Re: Obomber takes his begging bowl to Moscow
[info]fin_d_empire wrote:
Sunday, 5 July 2009 at 05:58 pm (UTC)
Never knew you were such a fan - or cared. And fuck you too, dearie. The $180 mil the Yanks agreed to pay Bakiyev for Manas is rent, not a purchase. Now that he knows how desperate Obomber is he'll want more and the Russkies will in pitch in with both carrots and sticks. No way is the Yanks' problem over.
The Wall St puppet
[info]someofusknow wrote:
Sunday, 5 July 2009 at 09:58 am (UTC)
The Wall St puppet has already lost most of his credibility; operating the strings were less visisble on Muffin the Mule or marrionettes in Thunderbirds.

By the end of the year Obama is likely to be on a par with the Clown in Whitehall, and anything he says will regarded internationally as a joke. However, he will get his bonus from Goldman Sachs for all the good work he has done so far in progressing the money-lenders agenda .... probably all that really matters to Obama.

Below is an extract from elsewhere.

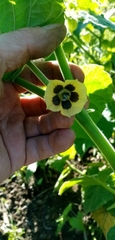 Physalis peruviana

Obama: a dumb remark from an apparently intelligent leader
[info]mikhalovich wrote:
Sunday, 5 July 2009 at 01:33 pm (UTC)
Obama's remark about Putin having one foot in the cold war is the most stupid, ill-informed comment yet to exit this apparently intelligent man's mouth. Not only Putin, but Elts'in the Drunk wanted to get on better with the United States. Elts'in went on his knees to do it, something Putin would not do, but he was willing to get on better with Washington, if the Americans reciprocated. But there was the problem. The Americans thought they had "won" the cold war. People in the Pentagon dreamed of breaking up the Soviet Union and could not believe their luck when this actually happened in 1991. We got them down, they thought, let's keep them there. So, contrary to promises made, the Americans pushed NATO right up to the doorstep of St. Petersburg. They brought in the nasty Polish nationalists who still cannot forget the 18th c. partitions of Poland. They brought down Yugoslavia. They engineered the so-called revolutions in the Ukraine and Georgia. They plan a missile system in eastern Europe allegedly to protect against Iran, but no thinking Russian would believe that fairy tale. Finally, after the Georgians attacked South Ossetia, the Russians said enough is enough, you crossed the red line. The crushed the Georgian army and could have, should have gone to Tbilisi to oust the half crazed nationalist Sakashvili. While the Russian government showed restraint, the American and most of the British press became unhinged, bathing in Russophobic, atavistic hysteria for which they should ever be ashamed, but of course will not be. After all this, Obama, the ever so intelligent, smooth, apparently intelligent American president has the gall to say Putin has one foot in the cold war. The Americans are habitual hypocrites, but Obama has outdone all his predecessors with this one unbelievably stupid comment.